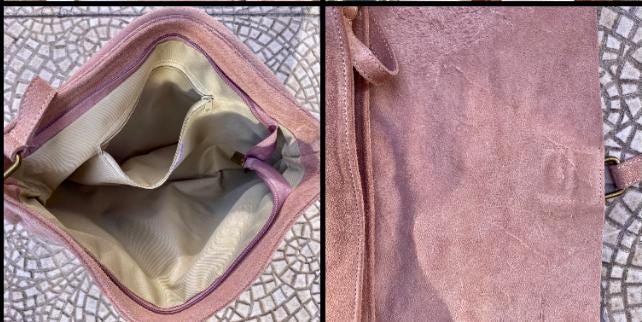 Suede bag in dusty PINK. Genuine leather BOHO bag. Pink suede purse. Crossbody / shoulder / messenger bag in soft natural leather.
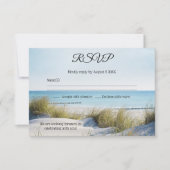 Beach with Dunes Wedding RSVP Invitation Kaart (Voorkant)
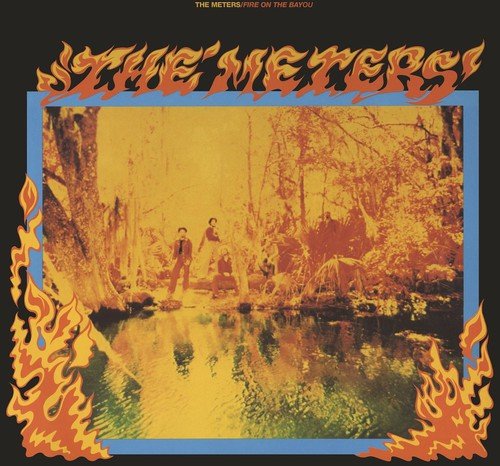 Vinyl album cover with a swamp scene and flame design on a black background.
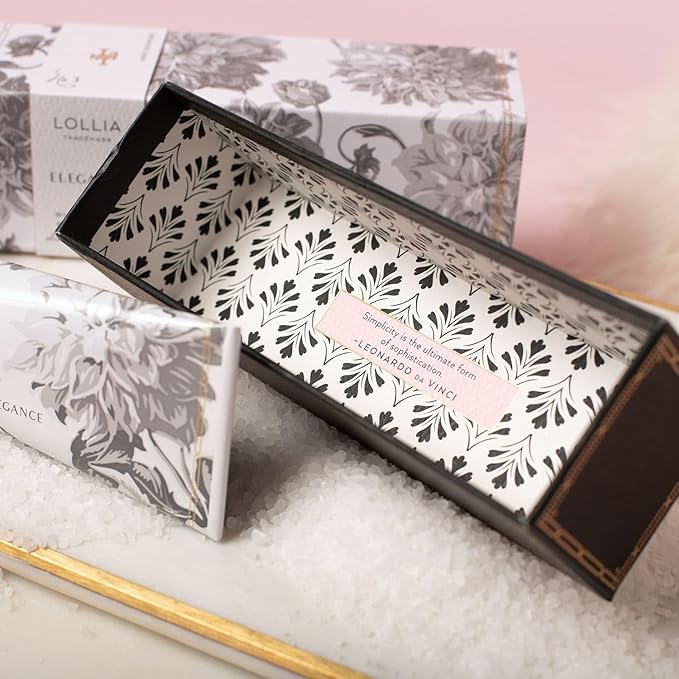 Lollia Elegance Handcreme, 4 oz. – White Amber & Mirabelle – Scented Hand Cream for Women, Moisturizing Hand Lotion for Dry Hands, Shea Butter & Cocoa Butter, Quick Absorbing Lotion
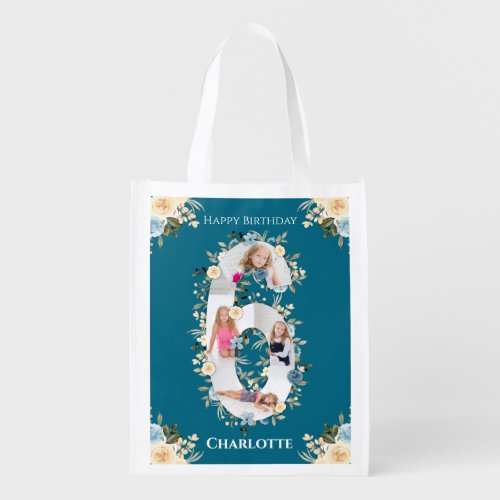 6th Birthday Teal Photo Collage Blue Yellow Flower Grocery Bag
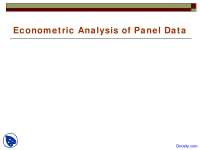 Introduction to Econometrics - Econometric Analysis of Panel Data - Lecture Slides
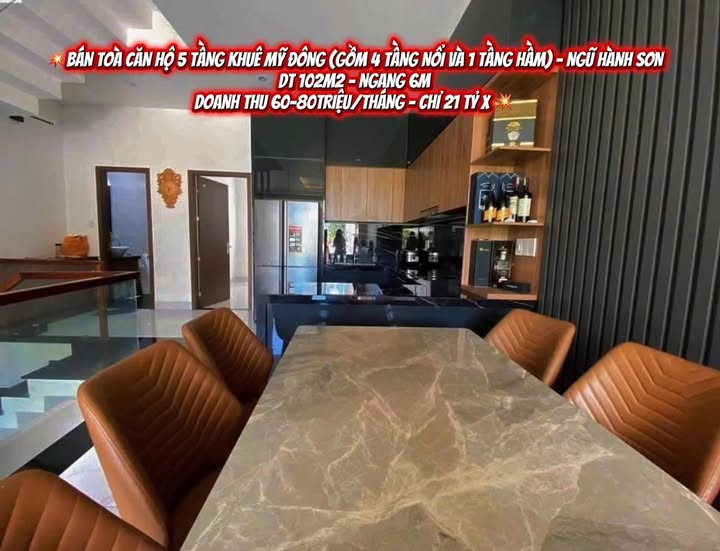 Tòa nhà FrontHouse 5 tầng Khuê Mỹ Đông 102m² giá 21 tỷ - Doanh thu 60-80 triệu/tháng!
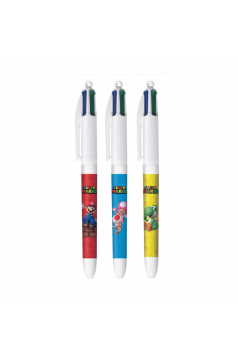 BIC balpen 4 KLEUREN MARIO KART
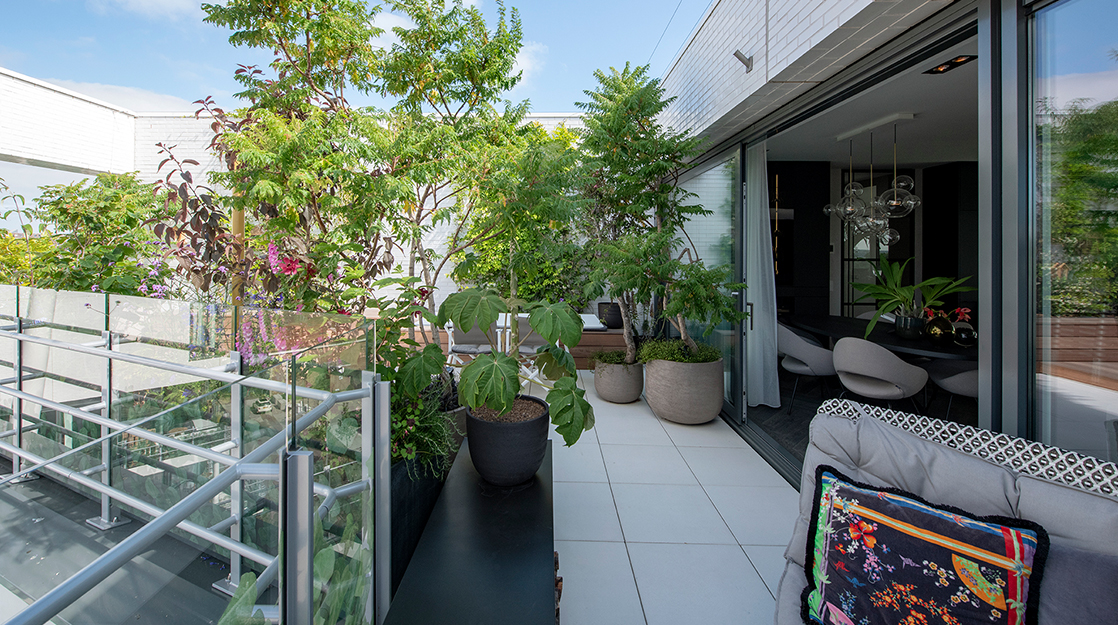 Dakterras beplanting in potten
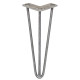 4 x 12&quot; Hairpin Legs - 3 Prong - 10mm - Raw Steel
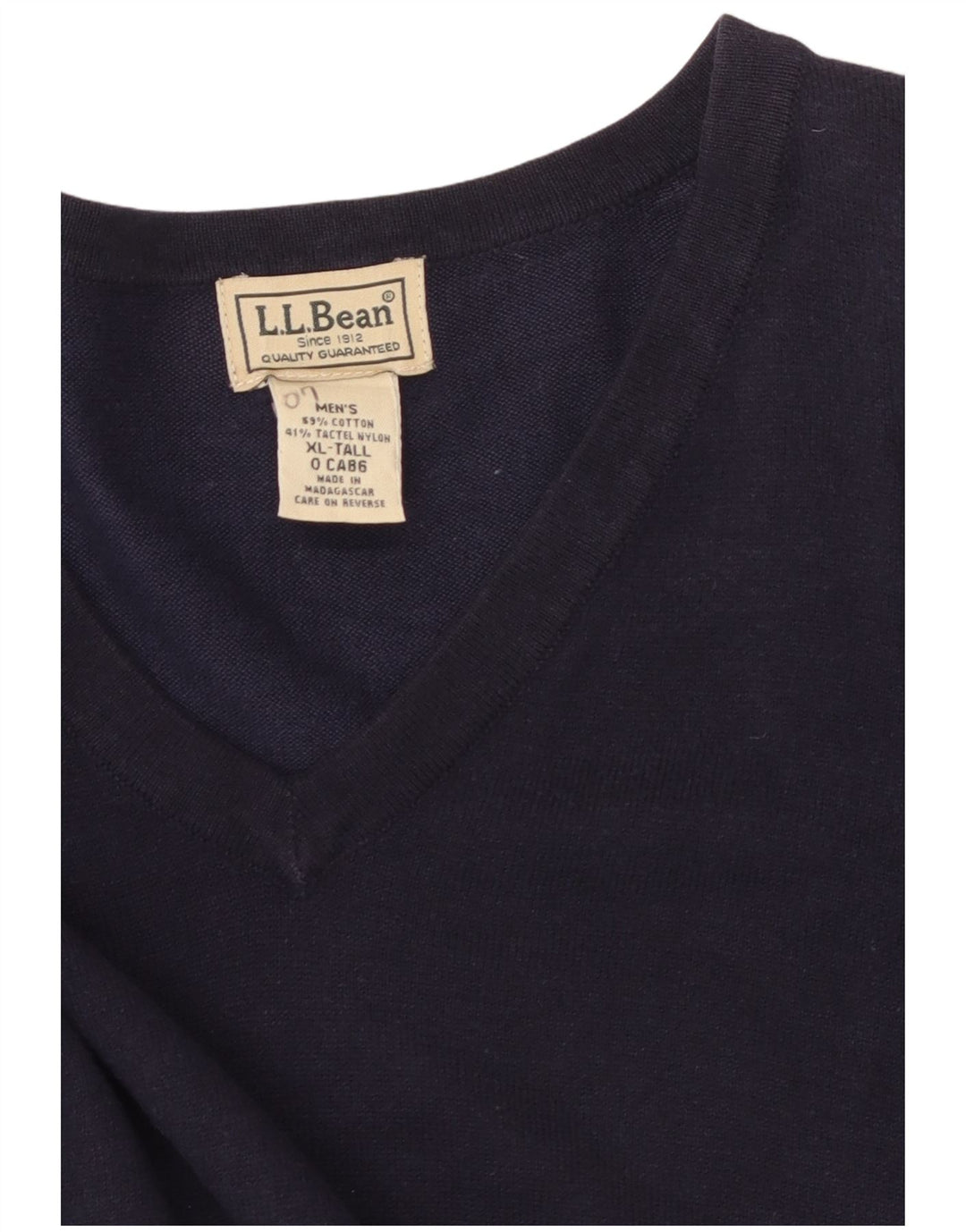 Pulover înalt cu decolteu în V pentru bărbați L.L.Bean, XL, bumbac bleumarin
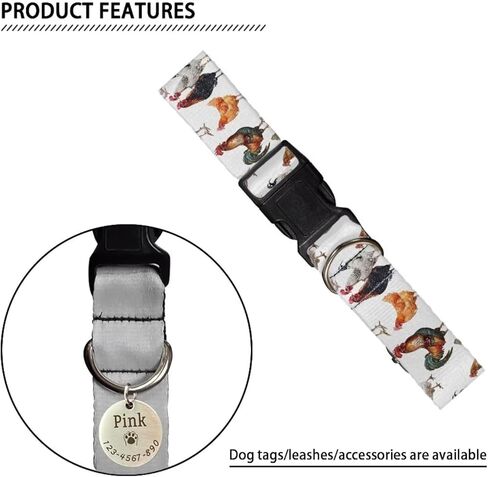 Soft & Comfy Dog Collar with Quick Release Buckle Funny Chicken Rooster Print Adjustable Pet Collar for Dogs and Cats Size M in Saudi Arabia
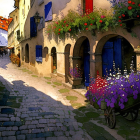 Whimsical fantasy landscape with round doorways, cobblestone path, and purple flowers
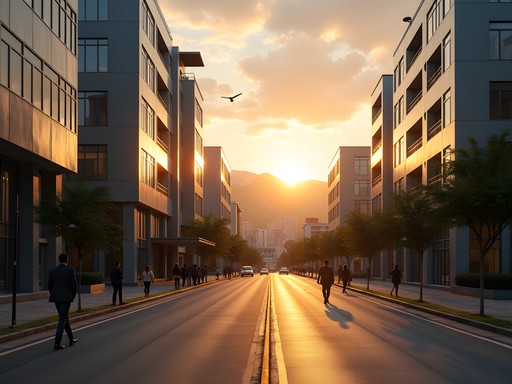 Sunrise over Ibagué's growing business district with Andes mountains in background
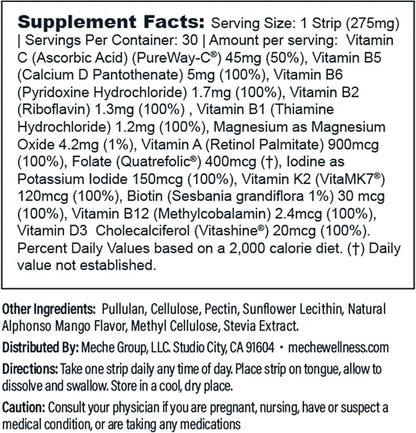 Multivitamin Rapid Release Strips B6, B12, B12, Magnesium, (30 ct)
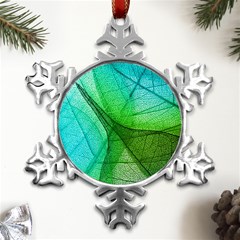 Sunlight Filtering Through Transparent Leaves Green Blue Metal Small Snowflake Ornament by Ket1n9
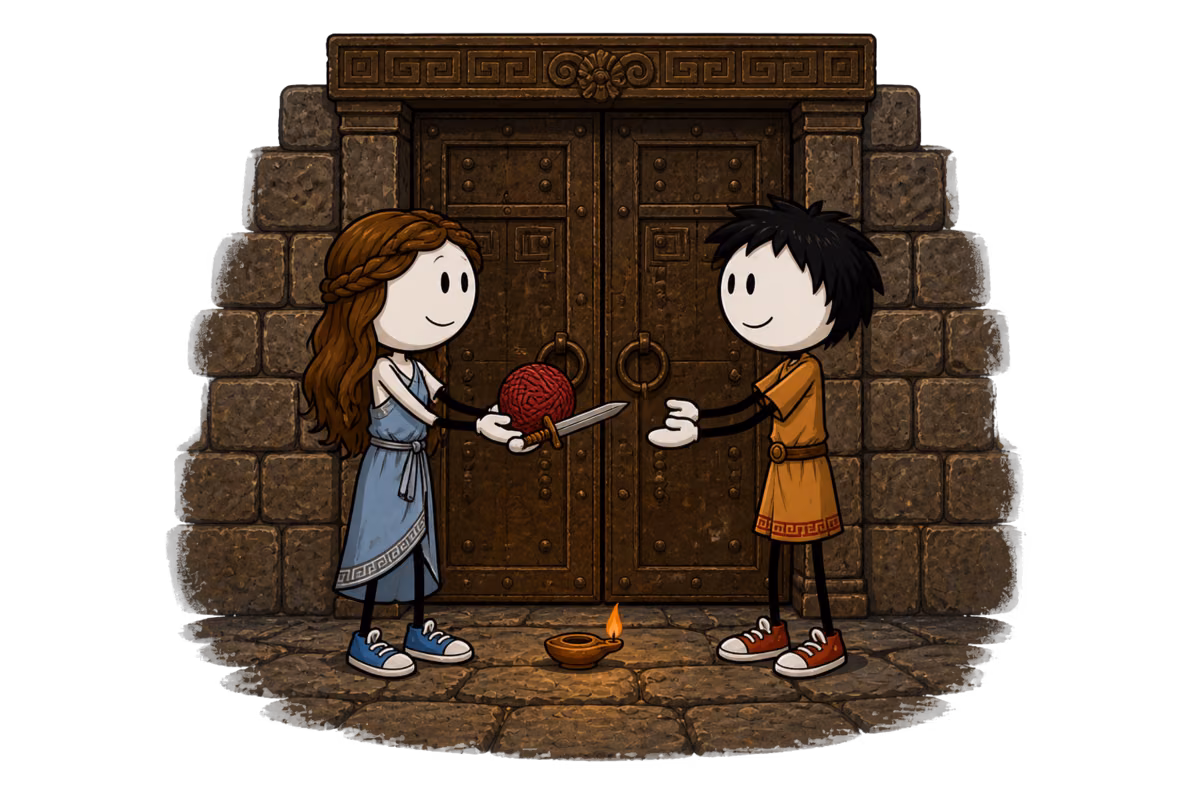 Thésée et le Minotaure : Ariane tend la pelote de fil rouge et une épée courte à Thésée devant la porte de bronze du labyrinthe, de nuit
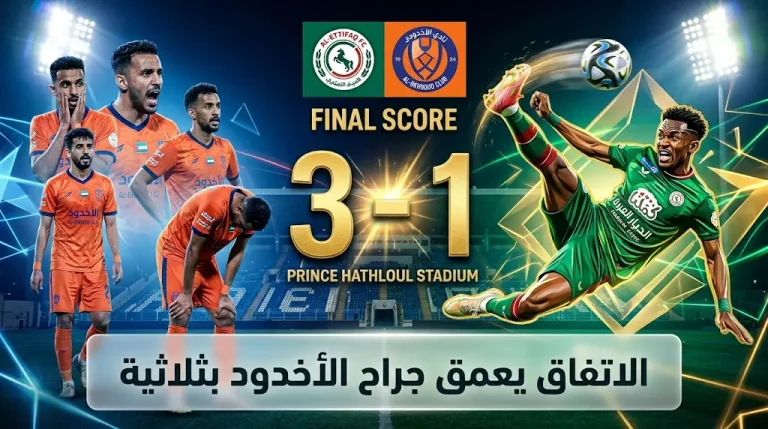 نتيجة مباراة الاتفاق والأخدود اليوم (3-1) في دوري روشن 2026.. “النواخذة” يعمقون جراح نجران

=======

• To do:
Give every line of the records above again, exactly, and omit the pictures.

• Reply to the exercise:
 Suede bag in dusty PINK. Genuine leather BOHO bag. Pink suede purse. Crossbody / shoulder / messenger bag in soft natural leather.
 Beach with Dunes Wedding RSVP Invitation Kaart (Voorkant)
 Vinyl album cover with a swamp scene and flame design on a black background.
 Lollia Elegance Handcreme, 4 oz. – White Amber & Mirabelle – Scented Hand Cream for Women, Moisturizing Hand Lotion for Dry Hands, Shea Butter & Cocoa Butter, Quick Absorbing Lotion
 6th Birthday Teal Photo Collage Blue Yellow Flower Grocery Bag
 Introduction to Econometrics - Econometric Analysis of Panel Data - Lecture Slides
 Tòa nhà FrontHouse 5 tầng Khuê Mỹ Đông 102m² giá 21 tỷ - Doanh thu 60-80 triệu/tháng!
 BIC balpen 4 KLEUREN MARIO KART
 Dakterras beplanting in potten
 4 x 12&quot; Hairpin Legs - 3 Prong - 10mm - Raw Steel
 Pulover înalt cu decolteu în V pentru bărbați L.L.Bean, XL, bumbac bleumarin
 Soft & Comfy Dog Collar with Quick Release Buckle Funny Chicken Rooster Print Adjustable Pet Collar for Dogs and Cats Size M in Saudi Arabia
 Whimsical fantasy landscape with round doorways, cobblestone path, and purple flowers
 Sunrise over Ibagué's growing business district with Andes mountains in background
 Multivitamin Rapid Release Strips B6, B12, B12, Magnesium, (30 ct)
 Sunlight Filtering Through Transparent Leaves Green Blue Metal Small Snowflake Ornament by Ket1n9
 Thésée et le Minotaure : Ariane tend la pelote de fil rouge et une épée courte à Thésée devant la porte de bronze du labyrinthe, de nuit
 نتيجة مباراة الاتفاق والأخدود اليوم (3-1) في دوري روشن 2026.. “النواخذة” يعمقون جراح نجران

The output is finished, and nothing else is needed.